Улицы были слишком одинаковыми, чтобы их хоть как-то различать. Все они имели рядовые названия: Первое рядовое название, Второе рядовое название, Третье. Нужно стараться ходить новыми путями, всё-таки разнообразие – смысл жизни природы, а человек ей принадлежит, но почему тогда мы ставим левую ногу на землю точно также как правую? ПОТОМУ ЧТО У НОГ НЕТ ЛИЧНЫХ ИМЁН С БОЛЬШОЙ БУКВЫ!
Дома попадались всё те же. Модные дети были одеты всё также. Дождь кончился, и на улицу начал высыпать народ. Поднялся шум, галдёж, рёв машин. У меня не было желания терпеть людей ещё сорок минут пешей прогулки, потому я побежал. Вовсе не по-спортивному: голова вниз, сжатые в кулаки руки ходят вдоль тела, нет. Моя голова задралась, открывая рот навстречу этому серому спокойствию в вышине, многие смотрели на меня, как на ненормального, или на преступника, но мне было всё равно.
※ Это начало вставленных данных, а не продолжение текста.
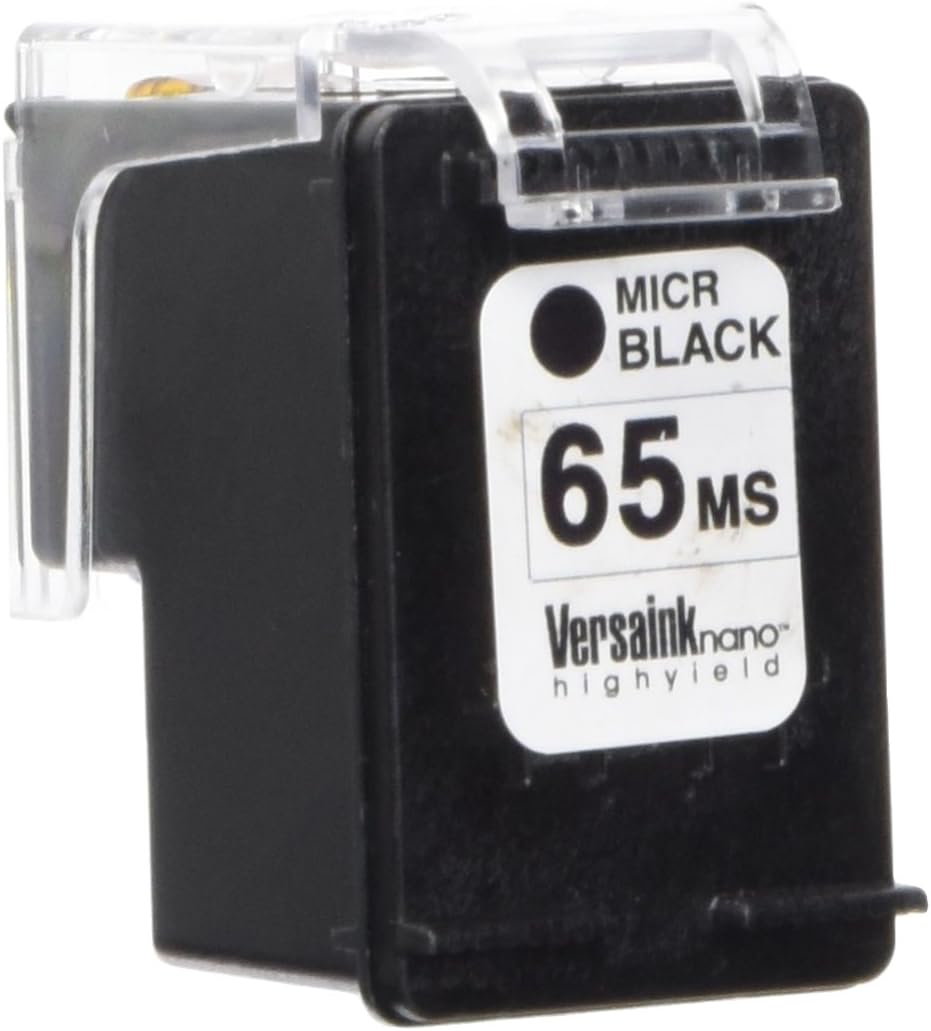 HP 65 Black MICR Ink Cartridge N317715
Руки с ногами вылетали вперёд тела, промокшие ступни выжимали промокшие носки в промокшие ботинки, пропитывая носки в следующую секунду вновь, но это меня тоже не волновало. Я хотел задохнуться, растянуть мышцы и забрызгать слюной лёгкие, хотел наказать себя за миллион грехов, всех связанных с ленью. Лицо выражало страх и удовольствие, удовольствие от страха потому, что бежал я оттого, что вызывало во мне страх. Бежал от самого себя.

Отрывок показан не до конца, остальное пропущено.